High Five
In Sept 2022, Ampersand completed 5-years of managing the AIF. Our track record so far has been quite exemplary, considering the disruptive events which panned out during the course of short existence. This also includes market volatility induced by, SEBI reclassification based on market capitalisation in 2018, Covid-19 pandemic and the ongoing Russia-Ukraine conflict. So, except for the phase of heady market recovery in 2021, which was driven by combination of pent up demand and easy liquidity conditions, investment climate has been rather harsh and uncertain. Over various time periods fund has outperformed major indices.
Over the initial 5-year period since inception, Ampersand AIF delivered returns of 17.9% CAGR, which compares with 11.7% CAGR for benchmark (BSE 500), 11.7% CAGR for Nifty and 11.1% CAGR for Nifty Mid cap index.
India equities registered strong quarter
Despite global inflation and growth related concerns, Indian stock market recovered sharply during July-Sep 2022 quarter.

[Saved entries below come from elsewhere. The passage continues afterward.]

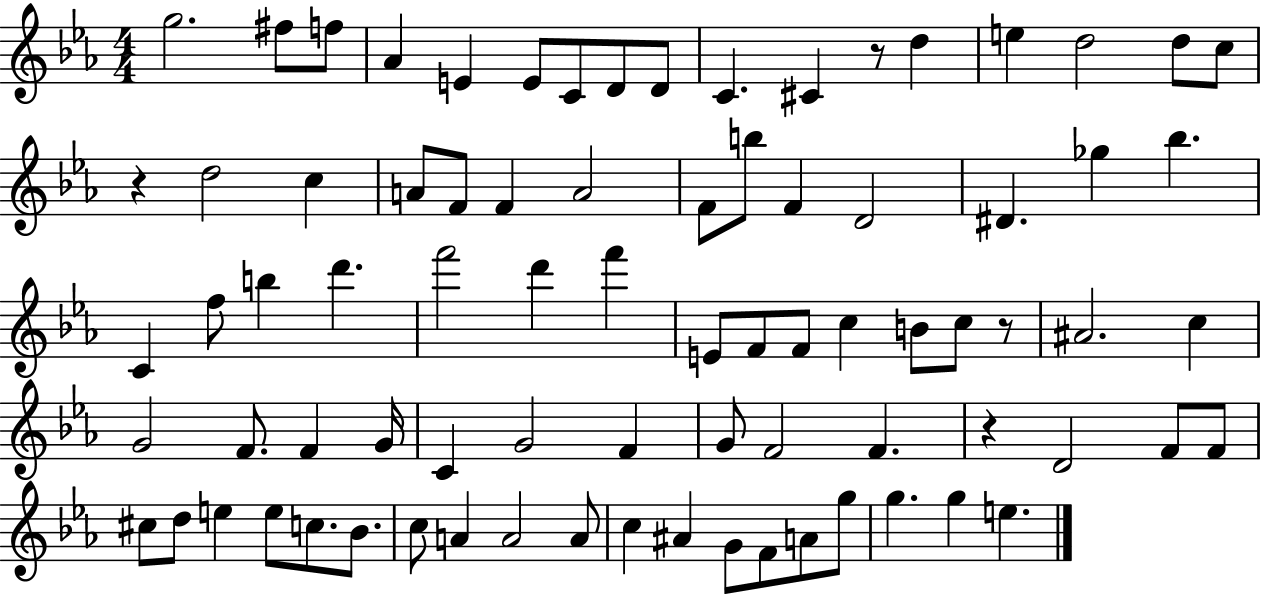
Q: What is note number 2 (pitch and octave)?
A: F#5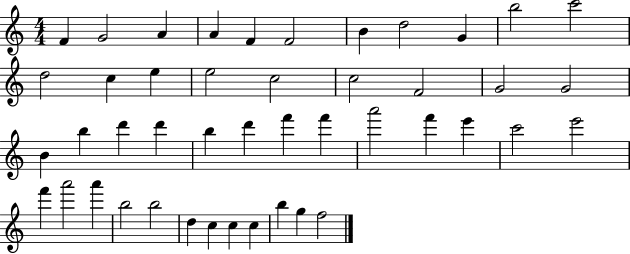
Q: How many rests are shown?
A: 0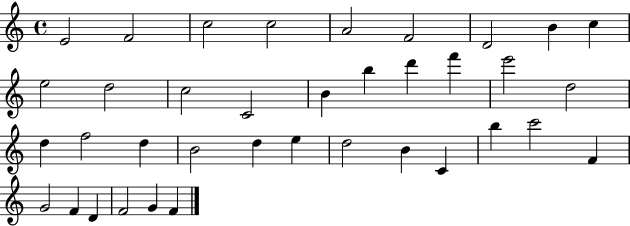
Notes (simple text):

E4/h F4/h C5/h C5/h A4/h F4/h D4/h B4/q C5/q E5/h D5/h C5/h C4/h B4/q B5/q D6/q F6/q E6/h D5/h D5/q F5/h D5/q B4/h D5/q E5/q D5/h B4/q C4/q B5/q C6/h F4/q G4/h F4/q D4/q F4/h G4/q F4/q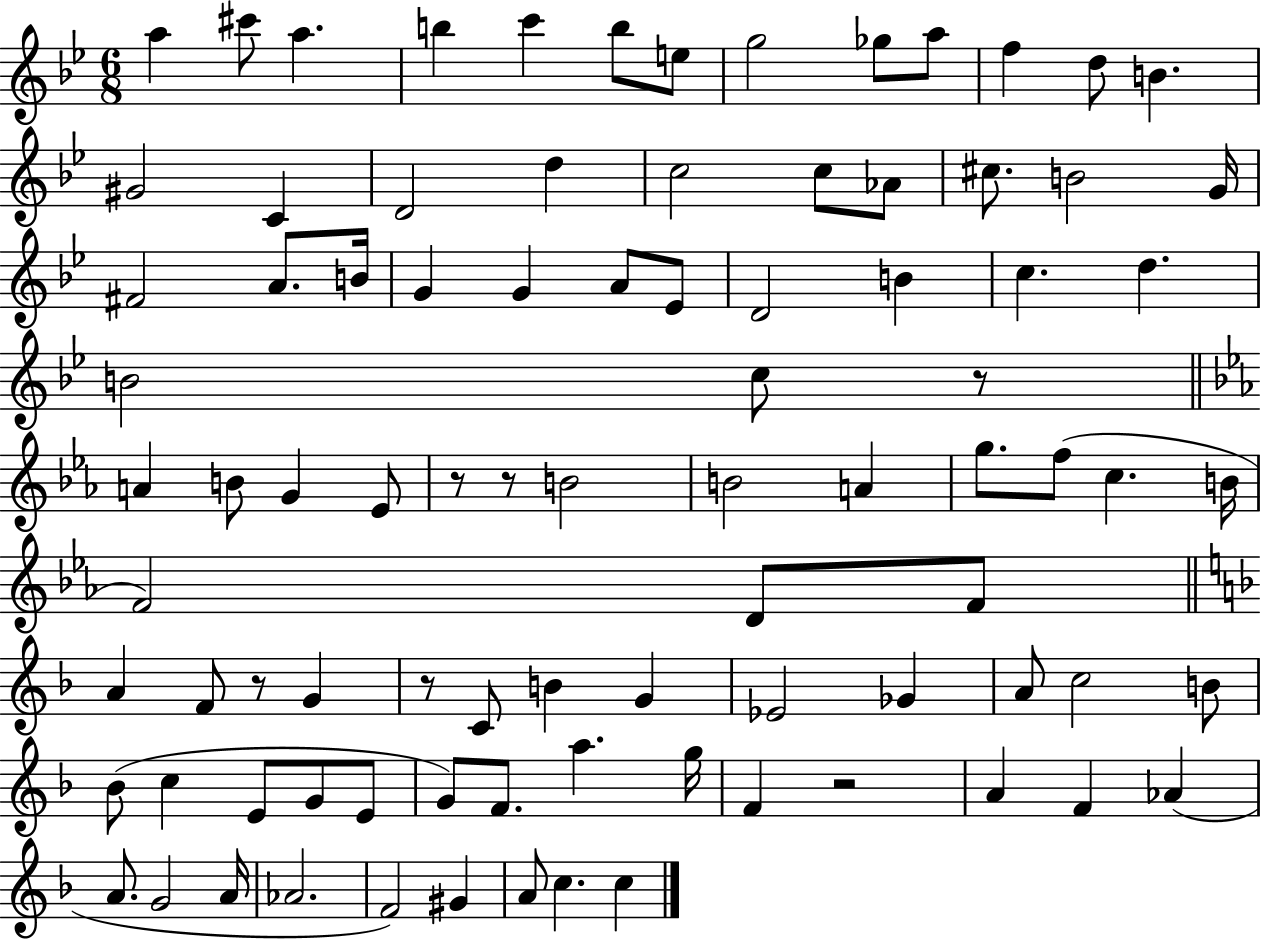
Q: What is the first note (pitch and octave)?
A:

Notable factors which aided India’s performance include, (1) good monsoons, (2) softening of crude prices, and (3) abatement of FII sales. India market gained 10.9%, while global benchmarks i.e., S&P500 declined this quarter.
Ampersand bettered the benchmark index during the period under review. Fund NAV was up 14%, while benchmark BSE 500 rose 10.9%.
Since inception and until end of quarter under review, our fund delivered returns of 17.1% CAGR. In comparison, Nifty registered 11.8% CAGR and Nifty mid cap 11.1% CAGR.
As on Sep 30, 2022, our fund consists of 30 stocks and a cash surplus of 6.4%.
Sector and stock selection aided performance
Our relatively stronger performance this quarter can be attributed to (1) benefit of timely deployment of cash close to the market lows in June, thereby increasing exposure to financial names, (2) positive reaction to strong earnings reported by several portfolio stocks, including larger holdings such as Varun Beverages, ICICI Bank, Trent.
A benchmarking exercise mandated by SEBI and conducted by CRISIL compared our performance with peers, and Ampersand AIF was ranked in the top quartile for each of periods of assessment since inception.
Ampersand has stuck to its core investment philosophy
Our investment philosophy has not altered in all these years, with a focus on bottom up ideation in companies which are well placed to gain share and enhance margins, leading to superior earnings growth. Our philosophy has been put to test on some occasions, but unhindered approach of backing sustainable themes has brought out several stock winners, and enabled us deliver a consistent performance. And while not every investment decision has worked in our favour, successful containment of misses has also aided better fund returns.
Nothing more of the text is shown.